§ **WHAT TO WORK ON**
Each line of the listing must be set down exactly as it stands.
***
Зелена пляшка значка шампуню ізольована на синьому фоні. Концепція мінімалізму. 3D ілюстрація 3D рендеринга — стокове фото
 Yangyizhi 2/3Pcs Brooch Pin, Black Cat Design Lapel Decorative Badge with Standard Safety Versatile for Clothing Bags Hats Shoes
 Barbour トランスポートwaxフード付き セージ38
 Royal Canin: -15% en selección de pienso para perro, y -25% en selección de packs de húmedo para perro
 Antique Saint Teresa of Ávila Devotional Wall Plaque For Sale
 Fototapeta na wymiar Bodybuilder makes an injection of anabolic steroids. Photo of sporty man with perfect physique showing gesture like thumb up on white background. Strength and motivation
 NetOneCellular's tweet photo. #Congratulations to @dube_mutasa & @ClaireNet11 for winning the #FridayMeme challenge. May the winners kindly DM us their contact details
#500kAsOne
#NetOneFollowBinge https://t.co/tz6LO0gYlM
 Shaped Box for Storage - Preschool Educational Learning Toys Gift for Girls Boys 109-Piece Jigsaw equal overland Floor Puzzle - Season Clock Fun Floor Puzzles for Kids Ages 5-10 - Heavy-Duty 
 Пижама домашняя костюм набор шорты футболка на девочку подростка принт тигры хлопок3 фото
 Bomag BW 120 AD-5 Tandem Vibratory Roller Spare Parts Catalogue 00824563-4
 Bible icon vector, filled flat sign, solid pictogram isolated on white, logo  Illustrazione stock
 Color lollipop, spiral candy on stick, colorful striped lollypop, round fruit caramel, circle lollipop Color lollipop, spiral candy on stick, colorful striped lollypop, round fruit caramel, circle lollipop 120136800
***
§ **RESPONSE TO THIS TASK**
Зелена пляшка значка шампуню ізольована на синьому фоні. Концепція мінімалізму. 3D ілюстрація 3D рендеринга — стокове фото
 Yangyizhi 2/3Pcs Brooch Pin, Black Cat Design Lapel Decorative Badge with Standard Safety Versatile for Clothing Bags Hats Shoes
 Barbour トランスポートwaxフード付き セージ38
 Royal Canin: -15% en selección de pienso para perro, y -25% en selección de packs de húmedo para perro
 Antique Saint Teresa of Ávila Devotional Wall Plaque For Sale
 Fototapeta na wymiar Bodybuilder makes an injection of anabolic steroids. Photo of sporty man with perfect physique showing gesture like thumb up on white background. Strength and motivation
 NetOneCellular's tweet photo. #Congratulations to @dube_mutasa & @ClaireNet11 for winning the #FridayMeme challenge. May the winners kindly DM us their contact details
#500kAsOne
#NetOneFollowBinge https://t.co/tz6LO0gYlM
 Shaped Box for Storage - Preschool Educational Learning Toys Gift for Girls Boys 109-Piece Jigsaw equal overland Floor Puzzle - Season Clock Fun Floor Puzzles for Kids Ages 5-10 - Heavy-Duty 
 Пижама домашняя костюм набор шорты футболка на девочку подростка принт тигры хлопок3 фото
 Bomag BW 120 AD-5 Tandem Vibratory Roller Spare Parts Catalogue 00824563-4
 Bible icon vector, filled flat sign, solid pictogram isolated on white, logo  Illustrazione stock
 Color lollipop, spiral candy on stick, colorful striped lollypop, round fruit caramel, circle lollipop Color lollipop, spiral candy on stick, colorful striped lollypop, round fruit caramel, circle lollipop 120136800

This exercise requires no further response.